Our Proactive Monitoring Caught a PHP Object Injection Vulnerability in Giveaway Boost
One of the ways we help to improve the security of WordPress plugins, not just for our customers, but for everyone using them, is the proactive monitoring of changes made to plugins in the Plugin Directory to try to catch serious vulnerabilities. That again has lead to us catching a vulnerability of a type that hackers are likely to exploit if they know about it. Since the check used to spot this is also included in our Plugin Security Checker (which is accessible through a WordPress plugin of its own), it is another of reminder of how that can help to indicate which plugins are in greater need of security review (for which we do as part of our main service as well as separately).
In the plugin Giveaway Boost the value of a cookie is passed through the unserialize() function, which could lead to PHP object injection. That occurs in the function gb_getcookie(), which is located in the file /includes/cookies.functions.php:
11 12 | function gb_getcookie($name, $default = false) { $value = isset($_COOKIE[$name]) ? maybe_unserialize(stripslashes($_COOKIE[$name])) : $default; |
That code will run on the plugin’s promotion pages.
We notified the developer of the issue a week ago. We haven’t heard back from them and no new version has been released to fix the issue.

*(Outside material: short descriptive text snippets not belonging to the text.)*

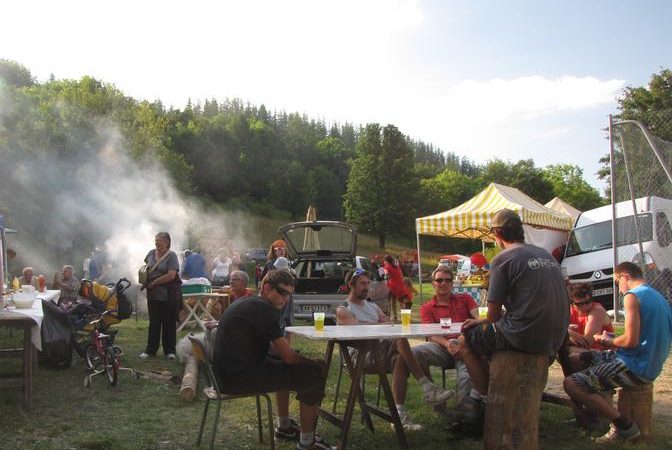 Fête de la Saint-Germain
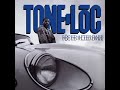 Tone Loc - Lōc-ed After Dark - The Homies (Official Audio)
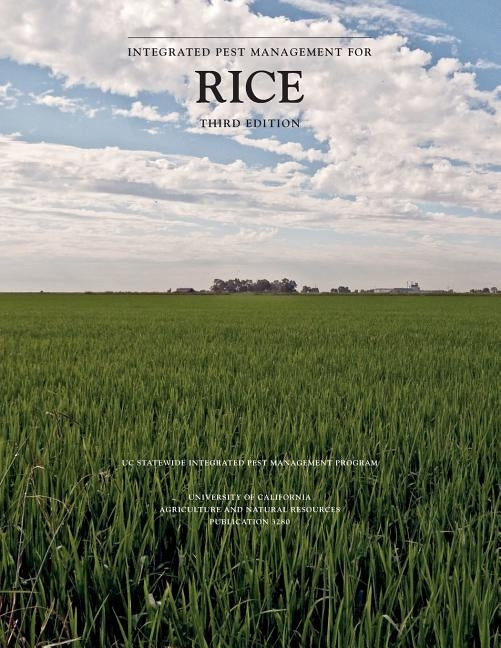Integrated Pest Management for Rice by Strand, Larry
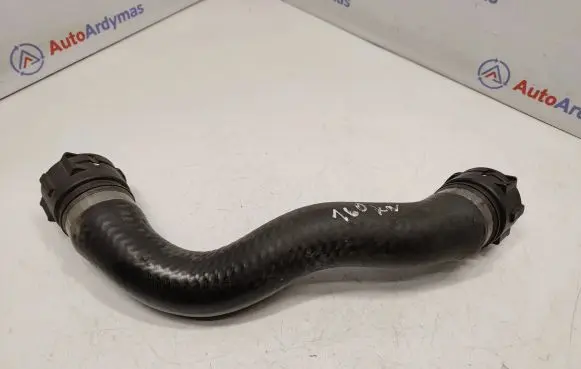 BMW 7 E65 E66 Engine coolant pipe/hose 11532248058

In line with our disclosure policy, which is based on the need to provide our customers with information on vulnerabilities on a timely basis, we are now disclosing this vulnerability.
Proof of Concept
With our plugin for testing for PHP object injection installed and activated, set the value of the cookie “gb_tracking_” plus the post ID number to “O:20:”php_object_injection”:0:{}” when on one of the plugin’s promotion pages then the message “PHP object injection has occurred.” will be shown. The post ID can be found to the right of the text “gb_entry_” in the page’s source code.
Timeline
- July 2, 2018 – Developer notified.